YOUR ASSIGNMENT: Each line from the one containing "A good visual" to the last line of the listing below is to be duplicated exactly, and no picture is to be carried over.

DATA FOR ANALYSIS:
************

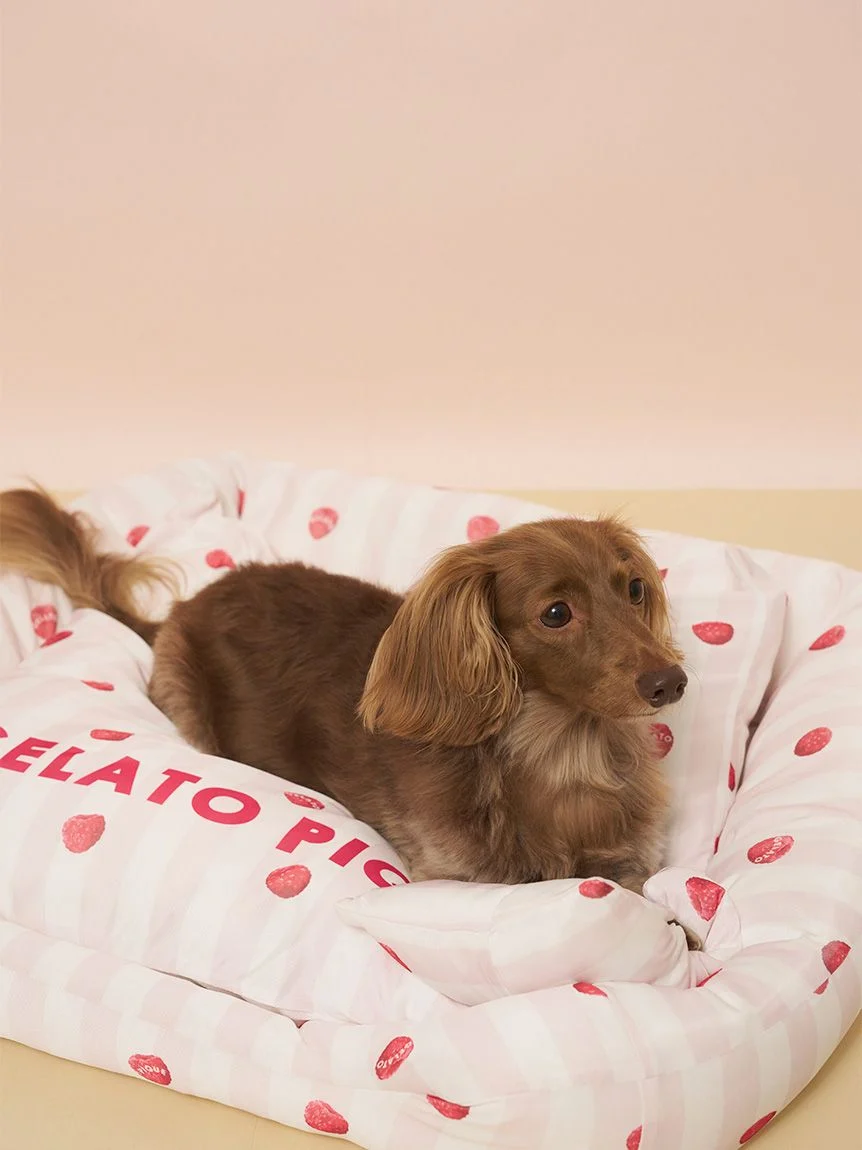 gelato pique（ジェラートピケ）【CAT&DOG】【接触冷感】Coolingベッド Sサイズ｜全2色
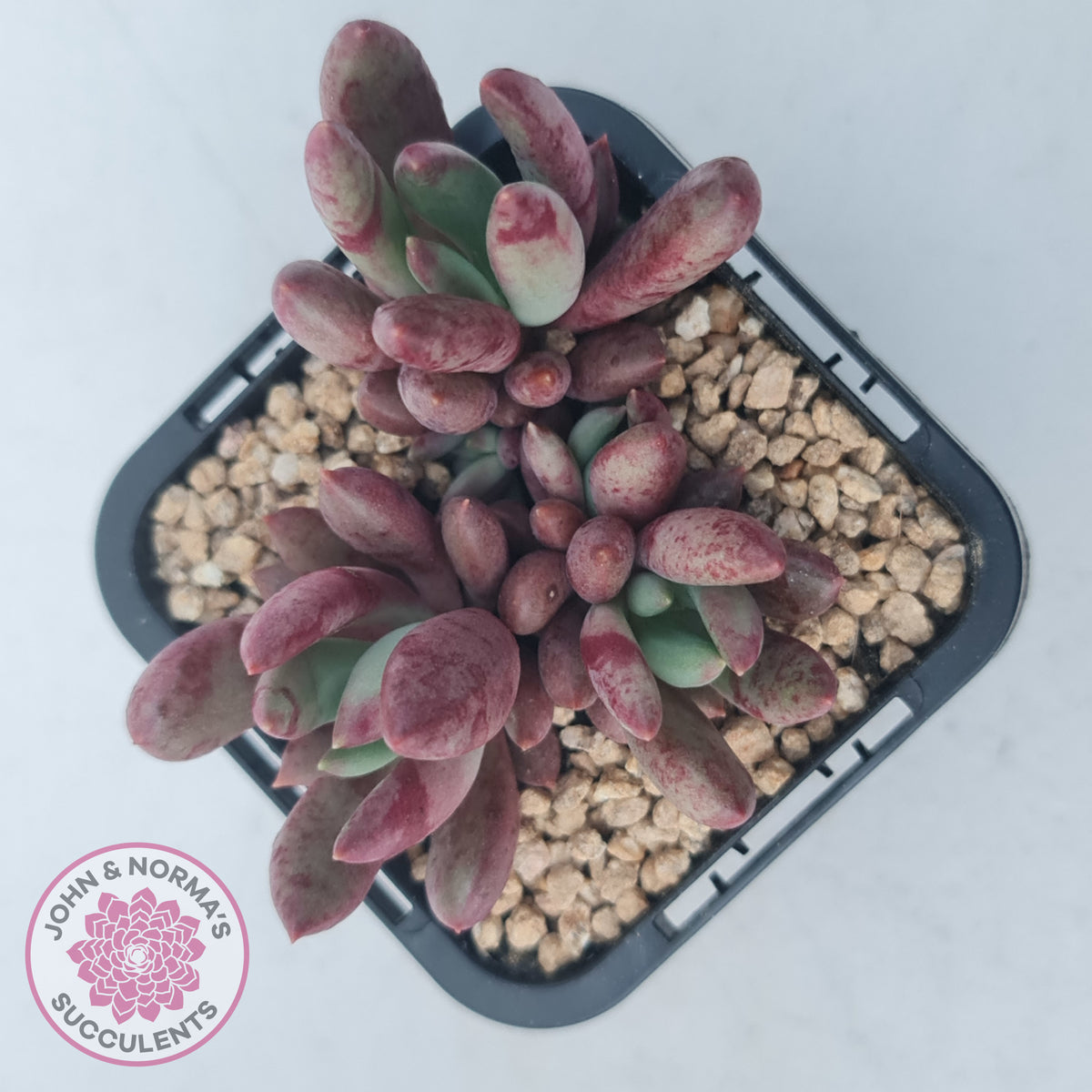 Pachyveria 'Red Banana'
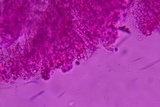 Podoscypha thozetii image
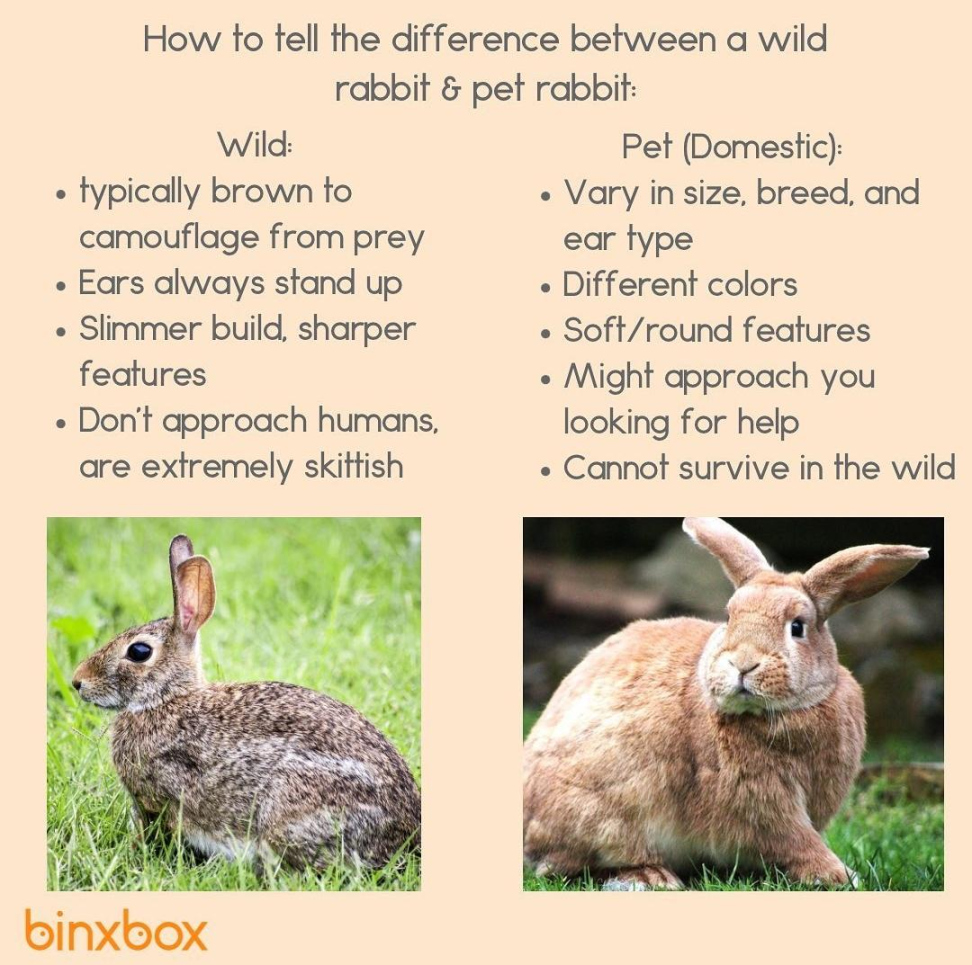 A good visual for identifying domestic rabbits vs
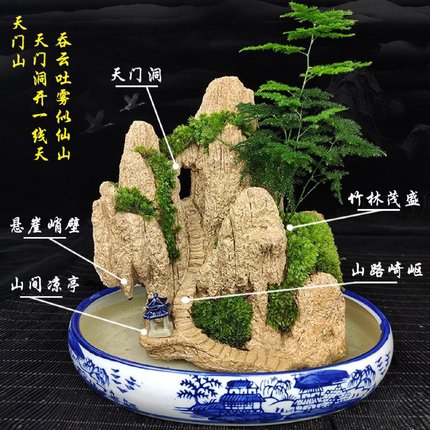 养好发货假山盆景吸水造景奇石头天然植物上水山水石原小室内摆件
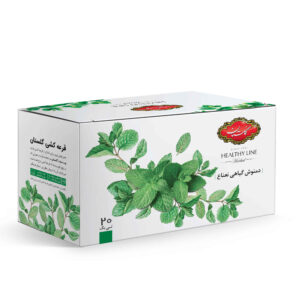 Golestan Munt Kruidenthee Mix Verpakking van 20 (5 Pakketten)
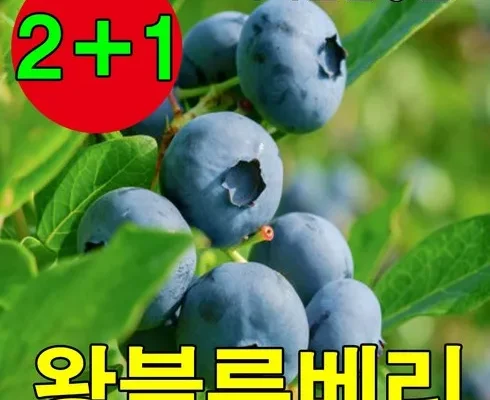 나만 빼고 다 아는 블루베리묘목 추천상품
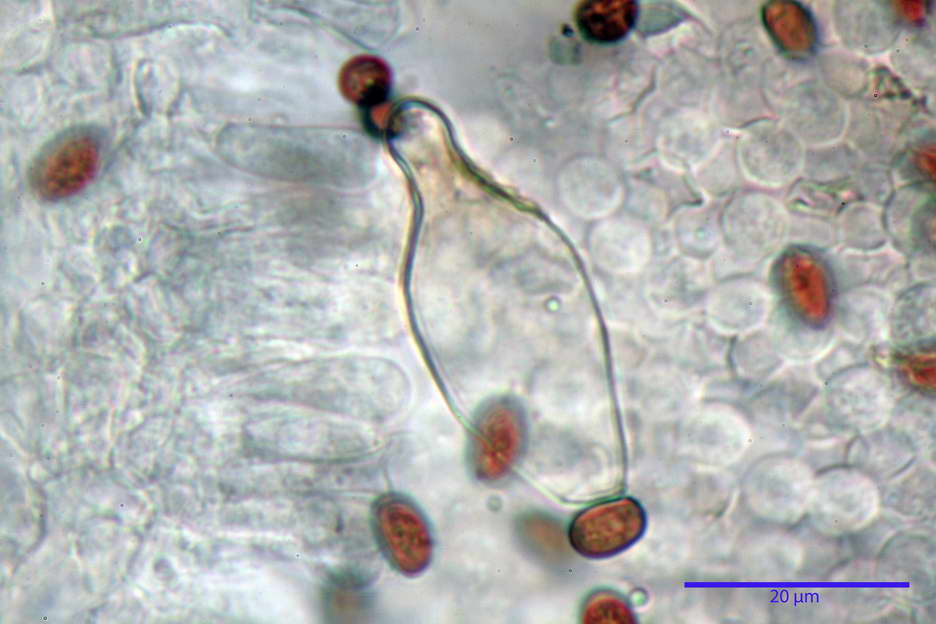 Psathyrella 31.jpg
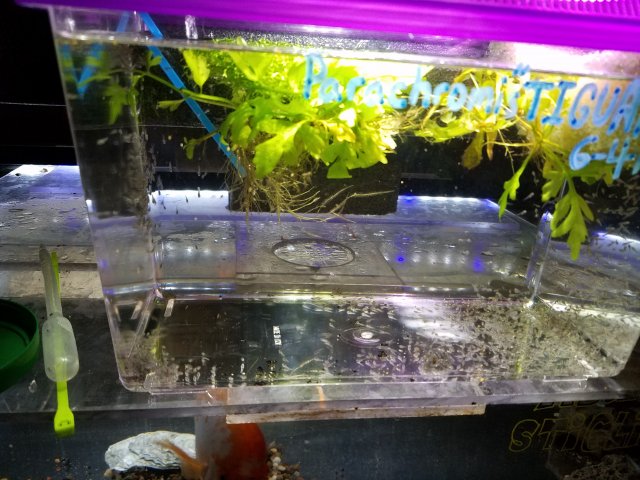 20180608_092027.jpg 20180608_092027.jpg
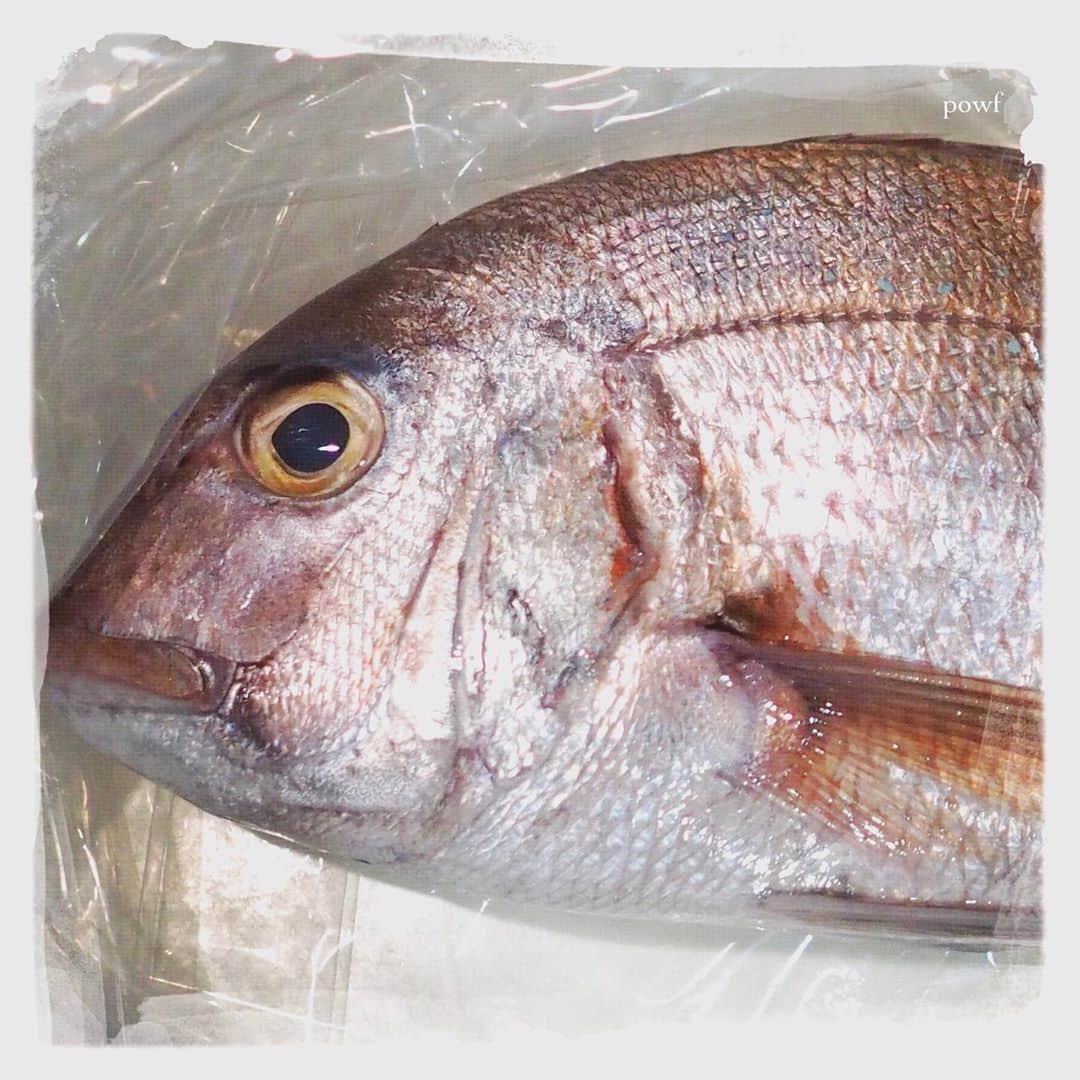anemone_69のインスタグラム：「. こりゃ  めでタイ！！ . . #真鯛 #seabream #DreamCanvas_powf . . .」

************

SOLUTION TO THE EXERCISE:
 A good visual for identifying domestic rabbits vs
 养好发货假山盆景吸水造景奇石头天然植物上水山水石原小室内摆件
 Golestan Munt Kruidenthee Mix Verpakking van 20 (5 Pakketten)
 나만 빼고 다 아는 블루베리묘목 추천상품
 Psathyrella 31.jpg
 20180608_092027.jpg 20180608_092027.jpg
anemone_69のインスタグラム：「. こりゃ  めでタイ！！ . . #真鯛 #seabream #DreamCanvas_powf . . .」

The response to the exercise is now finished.